Publié le 16 Juin 2011 par Jean Mirguet dans Clinique et pratique en institution

Pls

Dans une allocution consacrée aux psychoses de l’enfant[1], Lacan termine son intervention par cette question : « Quelle joie trouvons-nous dans ce qui fait notre travail ? ». Autant dire que, pour lui, une pratique en institution avec les enfants psychotiques vaut son poids d’or dans la mesure où elle interroge le rapport de chacun à la liberté, à la ségrégation et à la jouissance. De plus, la clinique des psychoses chez l’enfant donne accès à une éthique, celle de la psychanalyse.

 

« Éducateur quelconque » : cette expression, forgée par Virginio Baio, désigne, non une identité professionnelle ou un statut, mais une position qu’il s’agit d’occuper auprès des enfants. Pour que ceux-ci puissent élaborer les solutions qu’ils inventent, il nous faut être là, présents, mais pas de n’importe quelle façon.
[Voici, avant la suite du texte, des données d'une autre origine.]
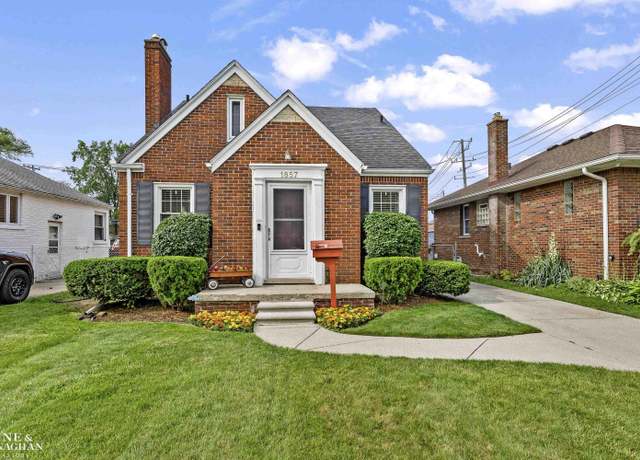 Property at 1857 Roslyn Rd, Grosse Pointe Woods, MI 48236, 3 beds, 1 bath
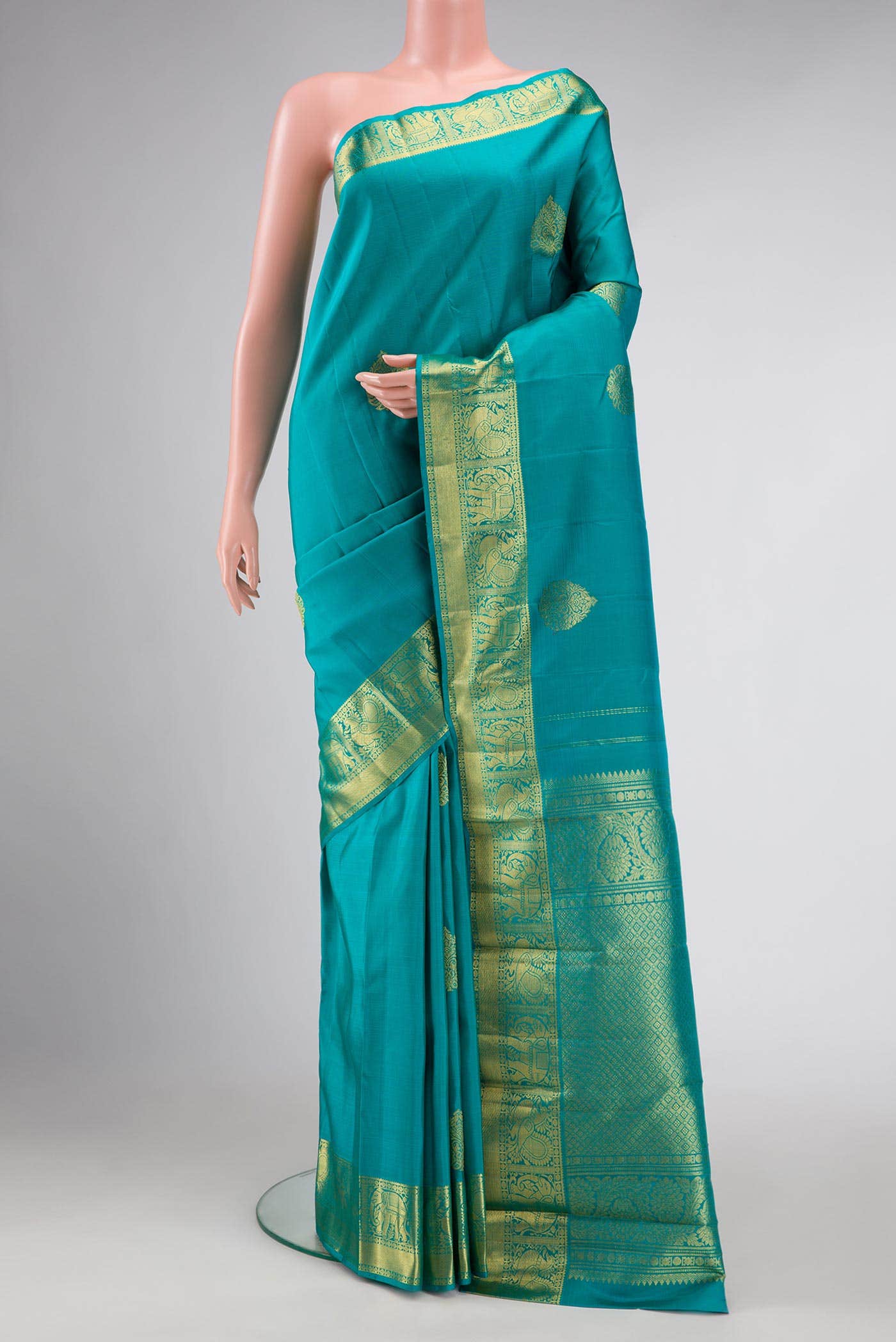 Green Dual Tone Kanchipuram Silk Saree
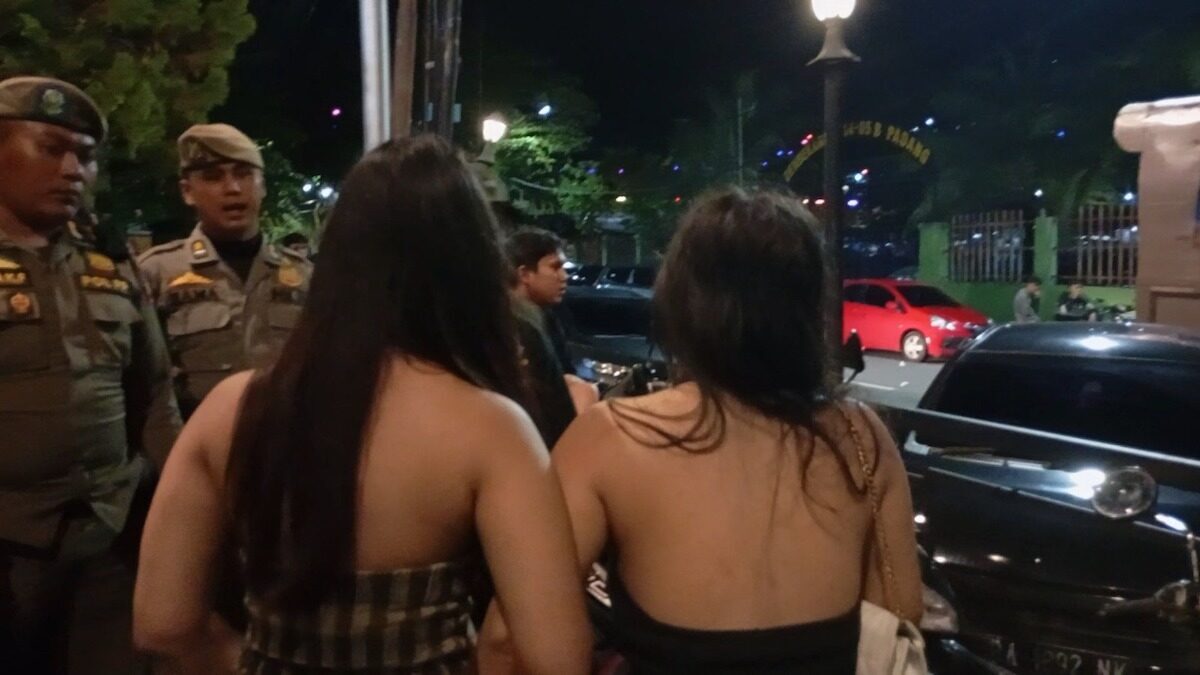 Satpol PP Padang amankan wanita berbaju minim di kawasan Batang Arau. (dok. istimewa)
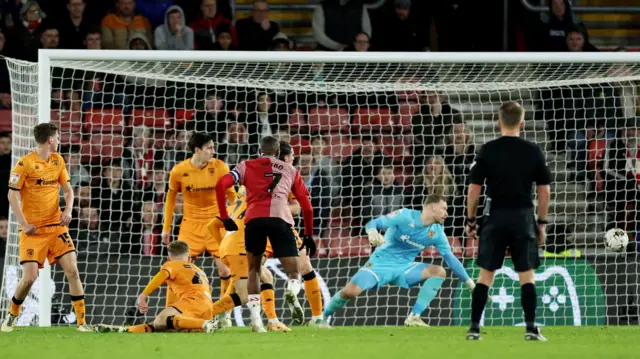 Joe Aribo scores for Southampton against Hull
Être dans la position de l’éducateur quelconque, c’est pouvoir ne pas être préoccupé par le souhait d’être quelqu’un, par des idéaux éducatifs, pédagogiques ou thérapeutiques. C’est une manière de se distraire de soi-même en laissant tomber les insignes que nous nous attribuons pour être reconnus.

Autrement dit, la position de l’éducateur quelconque implique une mise entre parenthèses de notre position subjective et de notre fantasme qui, souvent, consiste en un vouloir s’occuper des enfants, ce contre quoi les enfants psychotiques se défendent avec force.

Donc, fonctionner dans la position de l’éducateur quelconque constitue la condition (c’est du moins la solution trouvée par les collègues engagés dans la pratique à plusieurs) nécessaire pour laisser une place au travail de l’enfant.

Cela n’est pas facile car ça implique une destitution, celle de la position de savoir dans laquelle on croit se trouver. Se situer dans une position de non-savoir n’est pas se situer dans une position d’ignorance : ce serait même plutôt l’inverse car le non-savoir est aussi bien un savoir, celui par exemple de savoir faire une offre vide, savoir créer du manque, savoir se taire, savoir jouer de l’équivoque, savoir ne pas s’occuper des enfants.



[1] J. Lacan, « Allocution sur les psychoses de l’enfant », Autres écrits, Seuil, 2001.